**Aim of the task:**
From the listing below, give again exactly the lines from the line with "Ігар Андрэевіч Федарэнка" to the line with "Used 2005 Kalyn", ends included, without any pictures.

**Task input:**
──────────

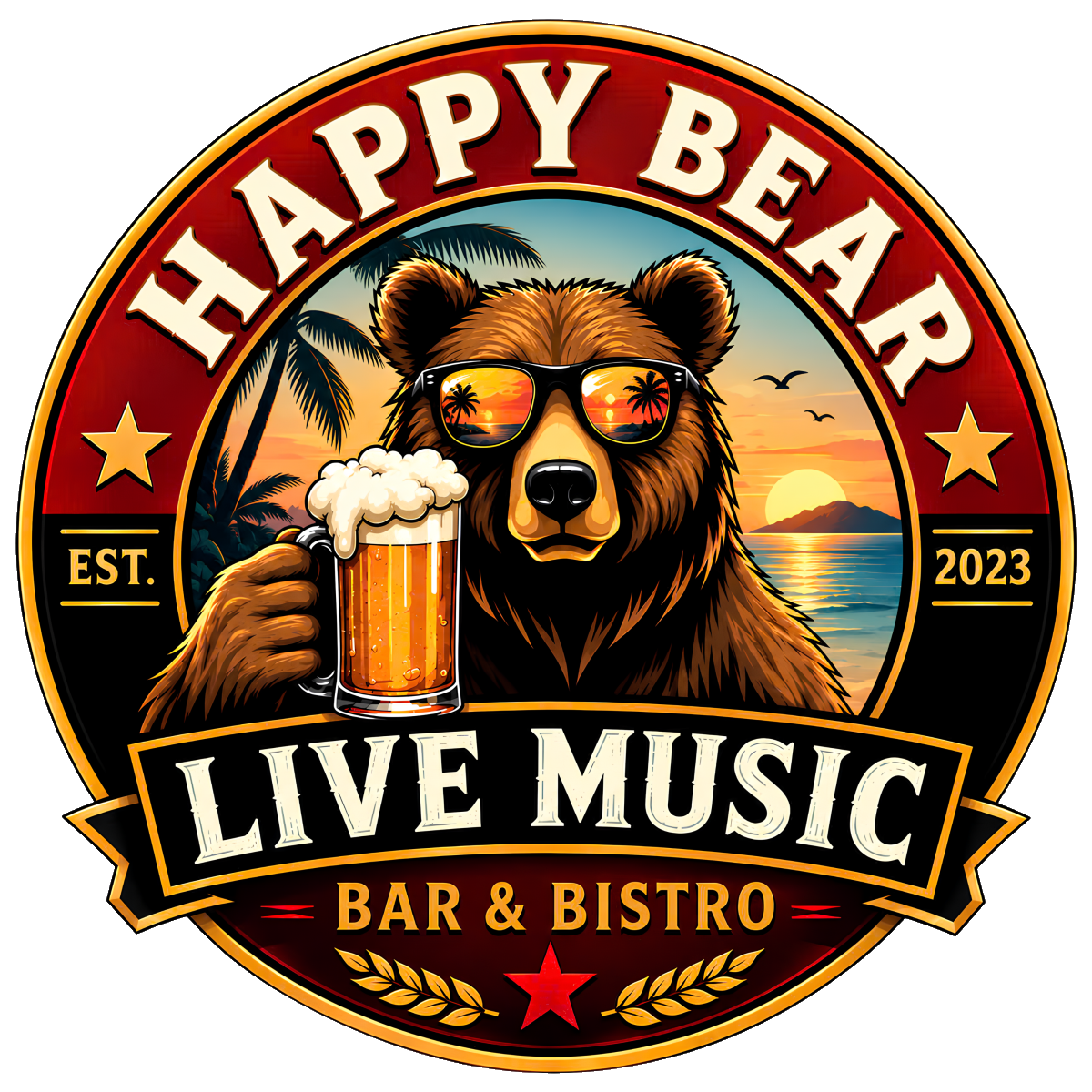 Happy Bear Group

──────────

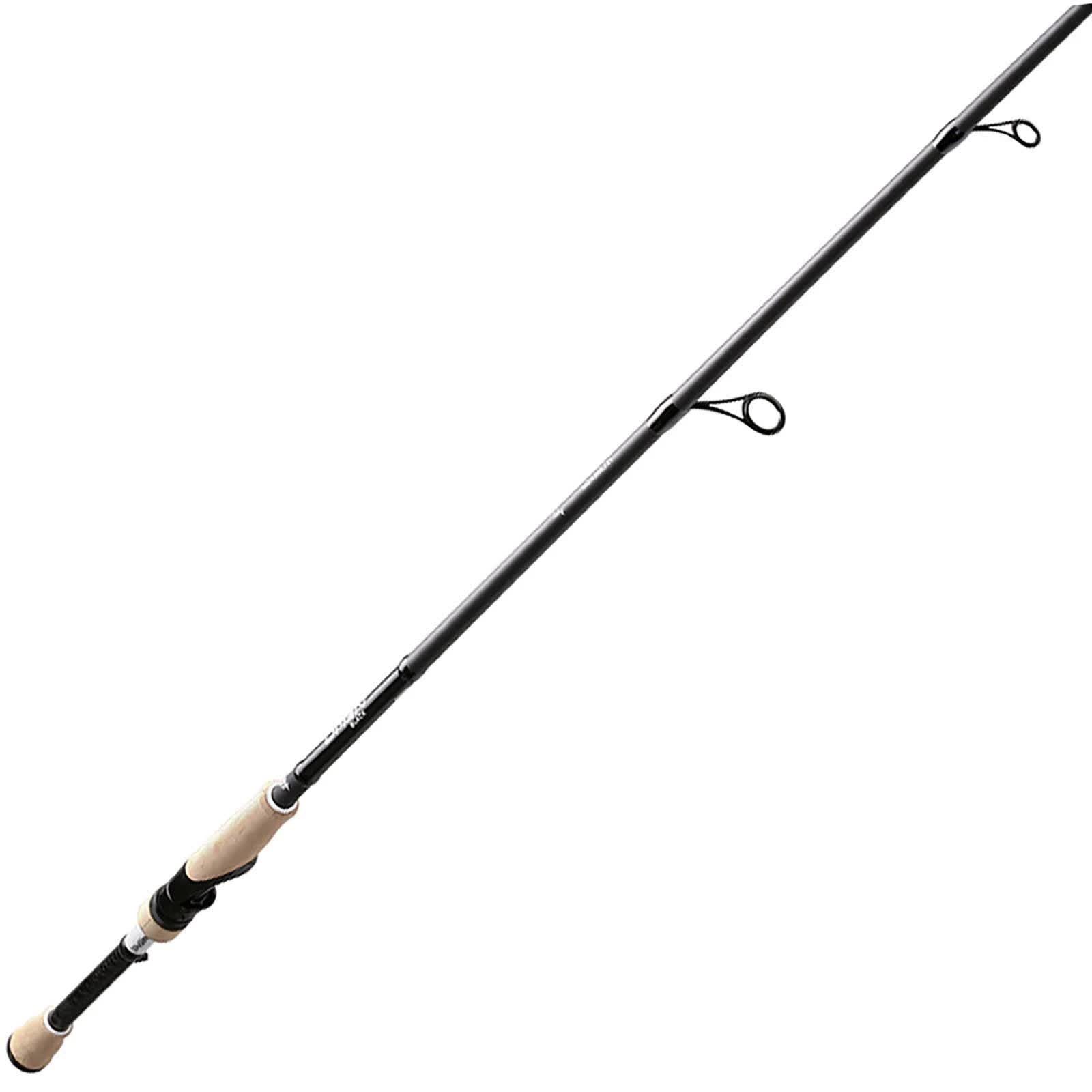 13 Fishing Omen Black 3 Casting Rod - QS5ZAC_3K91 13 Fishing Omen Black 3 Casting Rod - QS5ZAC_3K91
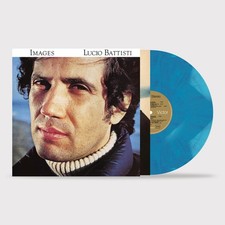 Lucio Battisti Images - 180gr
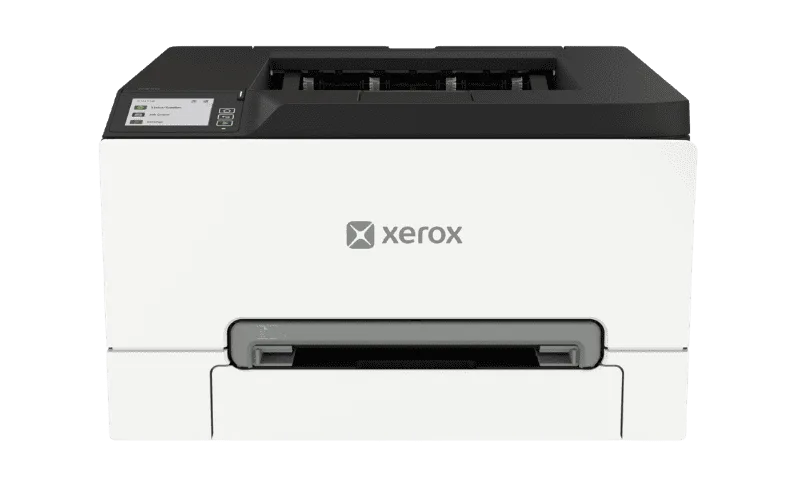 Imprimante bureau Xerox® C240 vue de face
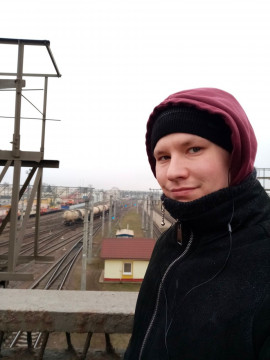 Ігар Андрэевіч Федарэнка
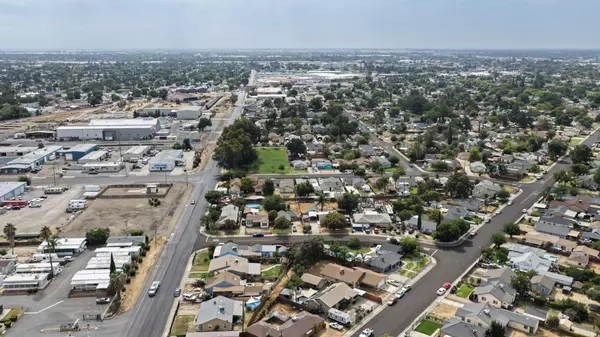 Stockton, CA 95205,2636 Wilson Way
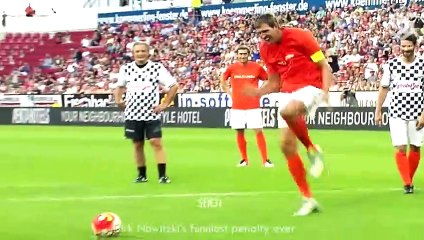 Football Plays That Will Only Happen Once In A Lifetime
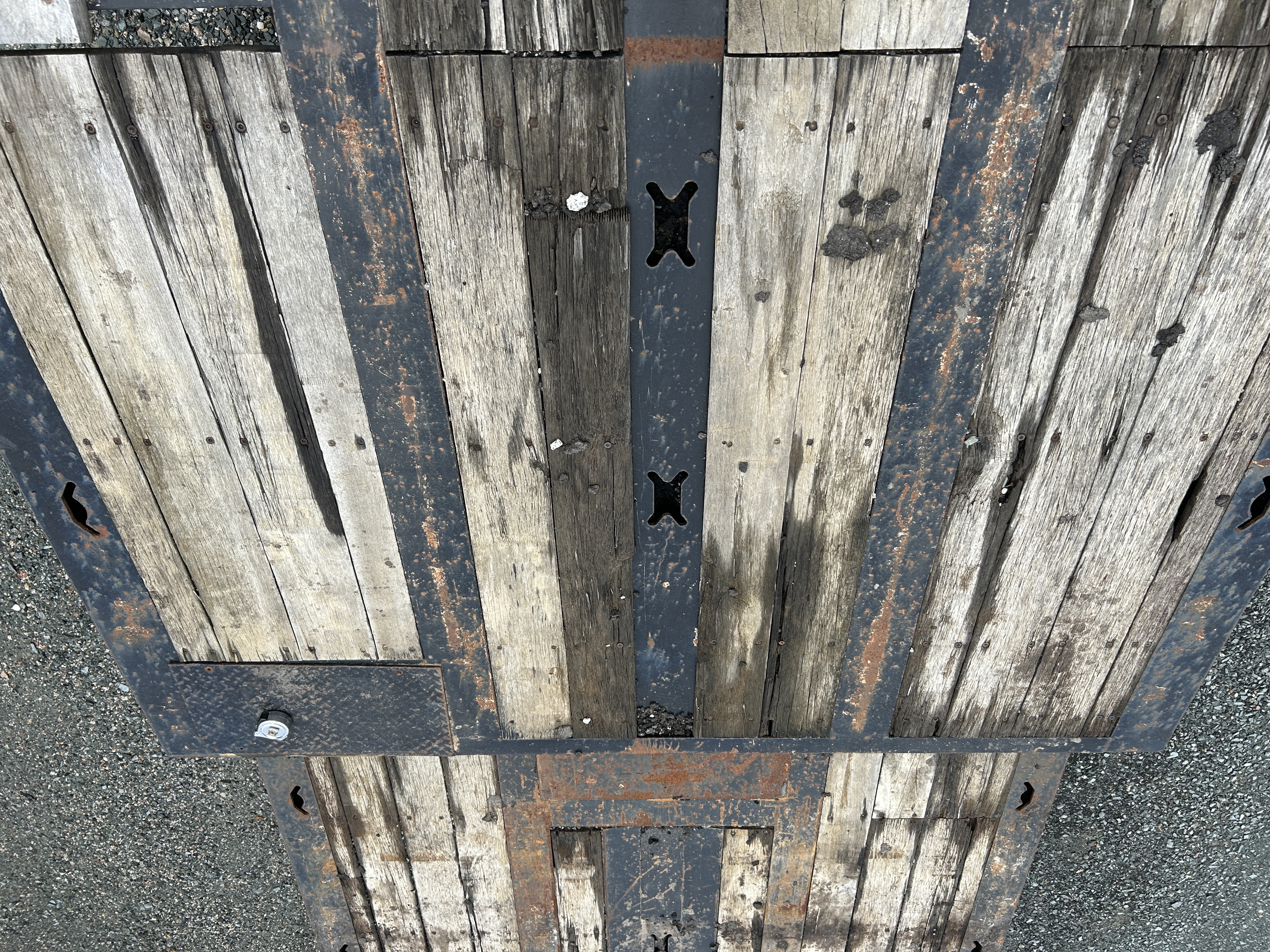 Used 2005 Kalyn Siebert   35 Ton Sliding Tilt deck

──────────

**Result:**
 Ігар Андрэевіч Федарэнка
 Stockton, CA 95205,2636 Wilson Way
 Football Plays That Will Only Happen Once In A Lifetime
 Used 2005 Kalyn Siebert   35 Ton Sliding Tilt deck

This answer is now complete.